• [TASK DETAILS]: The entire listing that follows must be repeated exactly, pictures excluded.

• [GIVEN DATA]:
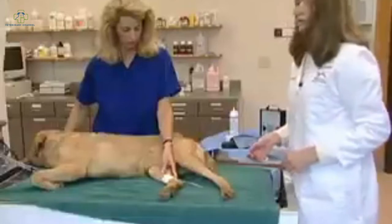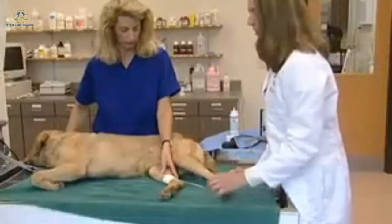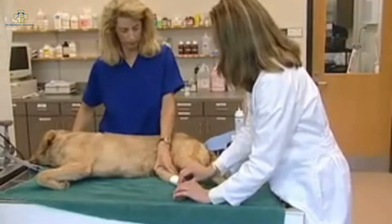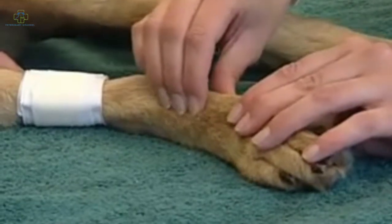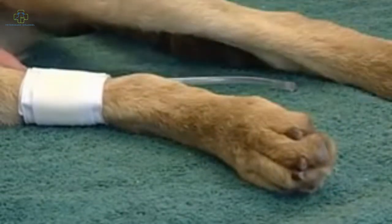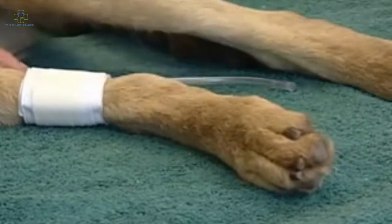Once the cuff is securely in place, we're going to go ahead and locate the pulse. Once we've located the pulse, we're going to go ahead and shave a small area of fur above that location.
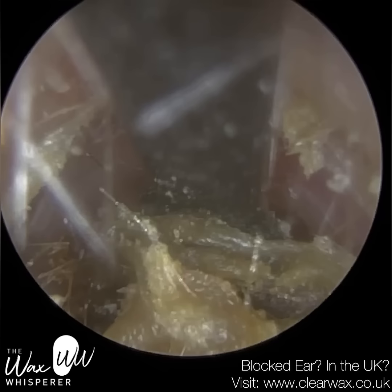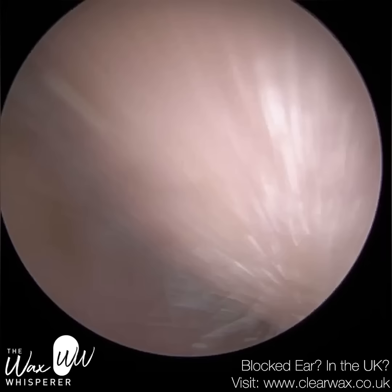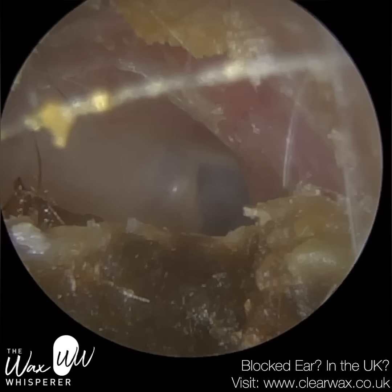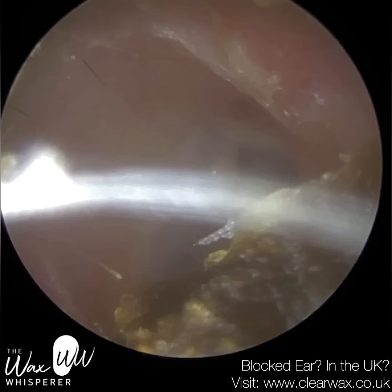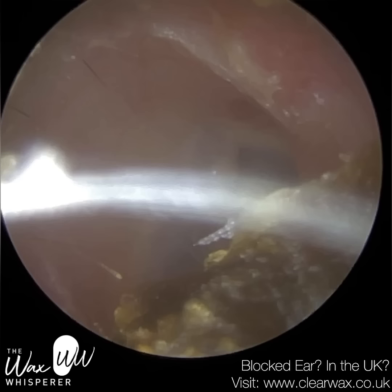And thirdly, the instrument itself has a curvature that mimics the curvature of the ear canal. That means there's less friction and less painful contact against the canal wall. If the geometry of the instrument resembles the geometry of the ear canal as you're gliding it, there's going to be less resistance and friction, making it more comfortable for the patient.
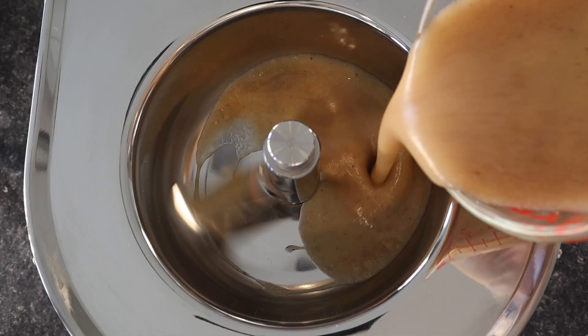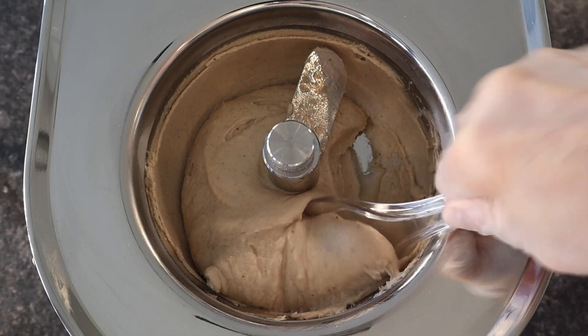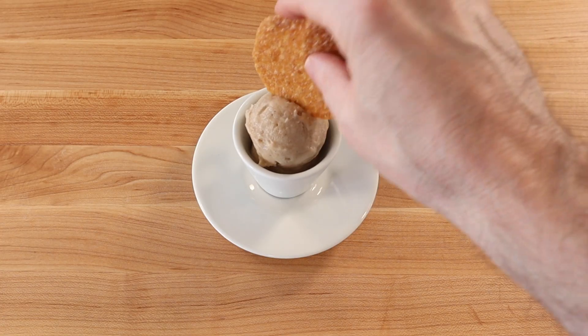Then strain through a fine sieve and freeze in a gelato machine. The sorbet is ready to eat when it has frozen to a nice soft serve consistency. Serve with a walnut lace cookie.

• [TASK ANSWER]:
Once the cuff is securely in place, we're going to go ahead and locate the pulse. Once we've located the pulse, we're going to go ahead and shave a small area of fur above that location.
And thirdly, the instrument itself has a curvature that mimics the curvature of the ear canal. That means there's less friction and less painful contact against the canal wall. If the geometry of the instrument resembles the geometry of the ear canal as you're gliding it, there's going to be less resistance and friction, making it more comfortable for the patient.
Then strain through a fine sieve and freeze in a gelato machine. The sorbet is ready to eat when it has frozen to a nice soft serve consistency. Serve with a walnut lace cookie.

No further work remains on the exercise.